The Taipei WEGO Private Senior High School () is a private senior high school which located at Beitou, Taipei, Taiwan.

See also
 Education in Taiwan
 Taipei Wego Senior High School is a private high school located in Beitou District, Taipei, Taiwan. It has a high school and a central part of the country. The central part of the country recruits 13 classes each year, while in the ninth grade, it still has 12 classes. In the next semester, it will be changed to 12 classes (the international class of the five classes of the five classes in the external examination class will not change), and the thirteenth class in the central part of the country will be established as an international class in 2017. The high school enrolls eight classes each year, of which the class is a multi-class class. In 2012, the class was established as an international class. In 2014, the class was established as a natural science experiment class. In 2017, Duban was established as an international class or a regular class. The total number of seniors in a high school is about 390. He did not participate in the joint registration and distribution of high school and high school in Jibei District, and adopted a separate enrollment system. More than 90% of high school freshmen each year are directly from the central part of the country.

Pastoral teaching is a special course at Weige School. The course implementation level is from kindergarten to high school.

Kindergarten: Two to three times per semester, the course time is one day.

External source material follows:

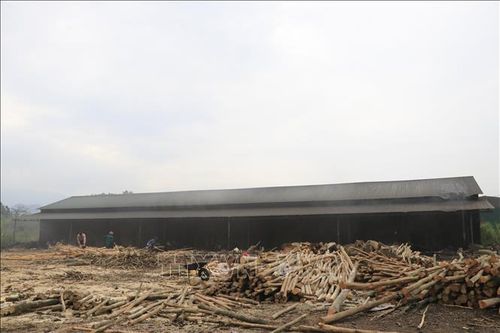 Trong khuôn viên các cơ sở đốt than không phép, gỗ được cắt khúc, chất thành đống ngổn ngang với khối lượng lớn. Ảnh: Đinh Thùy/TTXVN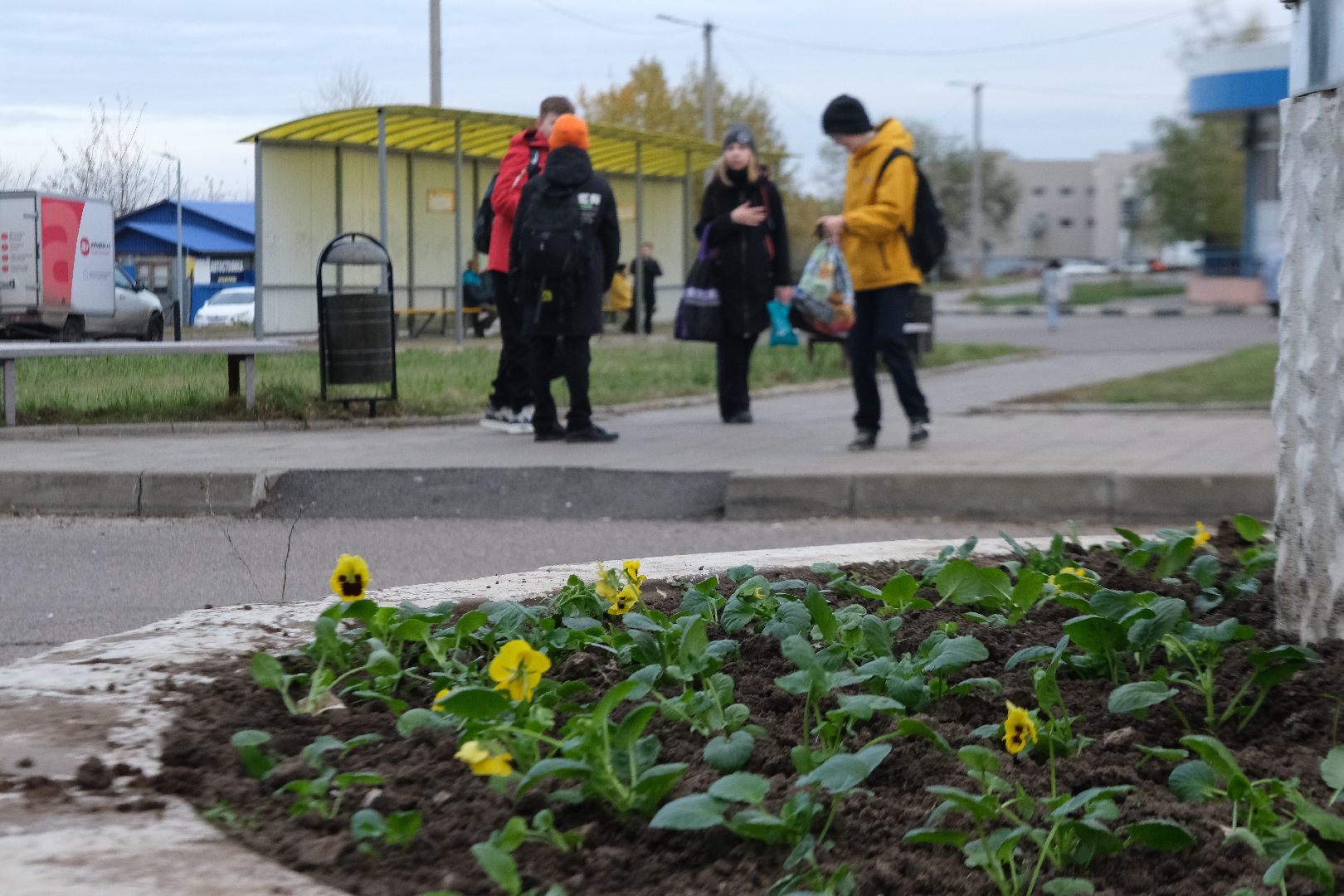 пущино, серпухов, благоустройсво,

Elementary School: Two to three times per semester, the course time is one day.

Secondary school and high school: Each semester is twice, once a day, once for the Tiantian Ministry of Education.

Direct promotion: A semester is about seven times, the course time is one day, and it is implemented every Tuesday or three.

Tianjiao Department: It is one of the schools' rooms. Director Hou is the leader of Tianjiao Center. The office is located in the top of Zhuzihu Lake in Yangming Mountain.

Painful experience: It was completely destroyed by the impact of Typhoon Nali, including more than half of the animals in the animal area, and all the snakes in the big classroom were missing. Reconstruction of large classrooms and greenhouses after the disaster.

In addition, the illegal behavior of Zhuzihu poison dog and dog has always existed. The dogs that were once raised by the Tianjiao Center were also implicated. Since the incident, the Tianjiao Center has paid more attention to the movements of all animals and avoided the tragedy of innocent life.

Other information: Pastoral teaching is sometimes implemented in other locations. Such as: the racecourse, golf course, boating, riverside resort, etc., will not necessarily be implemented in the Tianjiao Center of Zhuzi Lake in Yangming Mountain.